Are you concerned about your beautiful vintage suitcase that you’re totally and completely and utterly in love with getting dinged up while traveling for the holidays? Because I am. So, I decided to make a suitcase cozy to keep it protected! Here I’ve written up a simple tutorial (with no measuring required!) so you can do the same!
Fleece. The amount you need will depend upon the size of the suitcase that you are covering. It should be several inches wider than the width of the suitcase and should be long enough that it will wrap all the way around with several inches to spare. It is possible to use other fabrics but I highly recommend fleece because it does not unravel and is quite easy to sew with.
Snaps. I used 7 snap sets, but again, this will depend upon how large your suitcase it.
Snap setter. You want to use quality snaps and snap setter. I’ve been very happy with what I’ve bought from SnapSource.
To sew this case out of fleece, you will want to use a stretch stitch on your sewing machine. It is a much sturdier stitch than a normal straight stitch (I use it on any thick fabric that will take a lot of abuse like denim jeans or a canvas bag). It’s doubly important to use in this instance because fleece has stretch to it and you don’t want your seams busting from stretch in the fabric.
1) Start by sewing up one of the sides, stopping the seam several inches short of the top. I used a big piece of yellow fleece in my stash that had lived a previous life covering a headboard.
2) Pull the cozy onto the suitcase so that your seam goes up one of the sides.
3) Pin the fabric along the top of the suitcase. In my case I barely had enough fabric to meet at the top but it will be easier if you have a couple inches of fabric ease (it will get trimmed later).
4) Pull the fabric taught across the width of the suitcase and pinch it at the unsewn edge. Snip the fabric an inch away from the edge of the suitcase. This will give you ½” seam allowance with ½” ease.
5) Undo all your pins and sew up your other side seam with a ½” seam allowance, again leaving several inches of unsewn fabric at the end of the seam. These unsewn parts will remain in the finished cozy so that it can easily pull on and off the suitcase. You do not need to worry about finishing the edges as fleece will not unravel.
6) Pull the cozy on. You’ll notice that the bottom corners leave ugly flaps. Pin them up. Tack the tops down to where you have pinned them. You can do this by stitching forward a few stitches with a straight stitch, reversing a few stitches, and sewing forward over the stitches again. If you make the tack using your stretch stitch, it might jam up your machine to sew back and forth since it’s already effectively a doubled stitch.

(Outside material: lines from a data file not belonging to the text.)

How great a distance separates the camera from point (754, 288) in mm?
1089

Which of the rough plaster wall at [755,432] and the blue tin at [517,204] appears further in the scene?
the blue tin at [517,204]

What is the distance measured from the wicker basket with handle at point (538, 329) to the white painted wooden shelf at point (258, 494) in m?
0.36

7) Pull the cozy on and trim the top of the cozy so that it just meets across the top of the suitcase. Pull off the cozy. Cut two strips of fabric that are 4” wide and the length of the open seam across the top of the suitcase. Fold them in half long-wise. Pin them to the right sides of the open part of the cozy and sew the long seam with a ½” seam allowance.
8) When you pull on the cozy, it should now fit nicely with the two doubled strips of fabric easily overlapping a bit. Now, it’s time to add the snaps! The number of snaps you use will depend upon how large your suitcase is. I recommend at least one snap to go in the middle of the case and one directly oneither side of the handle. From there, put a snap every few inches. I used 7 on my large suitcase. Mark along one strip with pins or chalk where you want your snaps to go.

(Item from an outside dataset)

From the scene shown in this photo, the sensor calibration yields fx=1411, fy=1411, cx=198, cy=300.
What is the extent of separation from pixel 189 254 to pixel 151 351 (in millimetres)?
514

9) If you’re familiar with setting snaps then do your thing and skip to the next step. If you want a walkthrough of snap setting, keep reading. Setting snaps is very easy if you have quality snaps and a snap setter tool. Make sure that your snap size matches the size of your tool.
— Start by placing the capped prong ring through the top of the fabric where you want it to go. Make sure that you have a bit of space between the edge of the fabric and the placement of the snap. I leave at least 3/8”. Double-check that you have the capped prong ring poking through the correct side of the fabric – it should be visible on the top of the right side of the fabric.
— Place the snap top-side down in the snap setter.
–Place the middle of the tool on, making sure that the snap top is still gripping the fabric and is centered in the correct location in the tool. Place the stud in the hole, prong pointing up.
–Place the top of the snap setter on and gently hammer the snap together. Repeat for as many snaps as you would like set along the length of one strip.
11) Now you will set snaps along the length of the other strip to match the first strip. I find it easiest to lay the two strips next to each other and place pins or chalk along the length of the second strip at the points where the snaps are on the first strip. This way you don’t have to measure and it doesn’t matter if your snaps aren’t perfectly evenly distributed. Remember, fleece is pretty forgiving so you don’t have to be exact. For the second strip you will use the open prong ring and socket.
11) Put your cozy on and rest easy on your next flight because your bag is well protected!